Schinne als Zünglein an der Waage?

Beide Kellerkinder müssen noch gegen den Schinner SV Eintracht spielen. Die Gladigauer gleich am kommenden Sonnabend, wo die Krüden/Groß Garzer zur SG Bismark II/Kläden reisen müssen. Eventuell könnte somit schon am 25. Spieltag die Entscheidung gefallen sein.

Noch mehr Spannung hätte Gladigau am vergangenen Spieltag reinbringen können. Die Blau-Weißen schnupperten gegen Bismark II/Kläden nämlich an einem Punktgewinn, kassierten aber in der Nachspielzeit den bitteren Gegentreffer zum 2:3-Endstand.

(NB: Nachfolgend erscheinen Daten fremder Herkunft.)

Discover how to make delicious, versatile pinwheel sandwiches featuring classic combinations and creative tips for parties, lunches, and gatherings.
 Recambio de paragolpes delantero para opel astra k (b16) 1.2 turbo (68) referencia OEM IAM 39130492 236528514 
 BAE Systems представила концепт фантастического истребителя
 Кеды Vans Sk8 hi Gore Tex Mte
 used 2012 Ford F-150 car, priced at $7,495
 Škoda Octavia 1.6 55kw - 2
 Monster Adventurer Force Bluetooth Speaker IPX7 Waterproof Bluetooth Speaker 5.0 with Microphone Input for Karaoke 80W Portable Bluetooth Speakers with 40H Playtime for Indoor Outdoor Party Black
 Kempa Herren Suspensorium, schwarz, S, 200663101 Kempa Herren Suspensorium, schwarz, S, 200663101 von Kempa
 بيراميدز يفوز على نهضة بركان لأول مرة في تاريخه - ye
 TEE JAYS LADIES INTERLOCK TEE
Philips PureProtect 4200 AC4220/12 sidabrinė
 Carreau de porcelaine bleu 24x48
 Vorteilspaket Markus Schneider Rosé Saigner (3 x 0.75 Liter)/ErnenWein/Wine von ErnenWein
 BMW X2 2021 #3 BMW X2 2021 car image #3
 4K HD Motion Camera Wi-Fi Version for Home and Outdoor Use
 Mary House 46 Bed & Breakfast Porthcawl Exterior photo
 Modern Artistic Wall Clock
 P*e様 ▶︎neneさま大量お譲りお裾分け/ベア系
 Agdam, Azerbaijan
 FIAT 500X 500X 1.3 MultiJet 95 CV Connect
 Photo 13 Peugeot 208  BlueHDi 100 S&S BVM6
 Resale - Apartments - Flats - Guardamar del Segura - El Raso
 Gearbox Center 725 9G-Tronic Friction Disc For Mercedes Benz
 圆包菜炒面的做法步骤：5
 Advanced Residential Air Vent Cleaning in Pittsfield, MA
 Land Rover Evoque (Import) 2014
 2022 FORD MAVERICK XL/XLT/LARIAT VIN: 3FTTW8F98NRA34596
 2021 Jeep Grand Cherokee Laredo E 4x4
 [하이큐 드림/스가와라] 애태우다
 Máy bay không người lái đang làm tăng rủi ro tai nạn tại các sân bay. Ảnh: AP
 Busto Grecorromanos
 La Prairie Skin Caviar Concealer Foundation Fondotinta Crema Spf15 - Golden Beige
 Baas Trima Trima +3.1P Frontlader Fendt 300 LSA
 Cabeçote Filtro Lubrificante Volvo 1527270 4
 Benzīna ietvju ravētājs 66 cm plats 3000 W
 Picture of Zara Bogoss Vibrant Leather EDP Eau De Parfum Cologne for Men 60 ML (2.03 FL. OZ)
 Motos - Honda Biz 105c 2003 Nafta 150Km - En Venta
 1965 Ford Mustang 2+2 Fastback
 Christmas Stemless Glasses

Dirk nimmt Niederlage auf seine Kappe

„Respekt und Hut ab vor meiner Mannschaft. Ich habe es verbockt und den Punkt verschenkt“, sagte Gladigaus scheidender Trainer Torsten Dirk. Der Grund für den Punktverlust fand er auch: „Hätte ich gewechselt, wäre die Zeit abgelaufen und wir hätten in der 92. Minute nicht verloren.“

So schreibt der Fußball seine eigenen Geschichten und wenn du einmal unten drin stehst, kommt zumeist auch das Glück abhanden.

Wenn man sich aber das Restprogramm der Gladigauer anschaut, könnte die Befürchtung wahr werden. Am Sonnabend geht es nach Schinne und am letzten Spieltag kommt die Reserve vom 1. FC Lok Stendal. Aus diesen beiden Partien müsste die Dirk-Elf zumindest einen Punkt holen und natürlich auf Ausrutscher von Krüden/Groß Garz hoffen, denn der Coach würde seine Mannschaft gerne in der Kreisoberliga übergeben.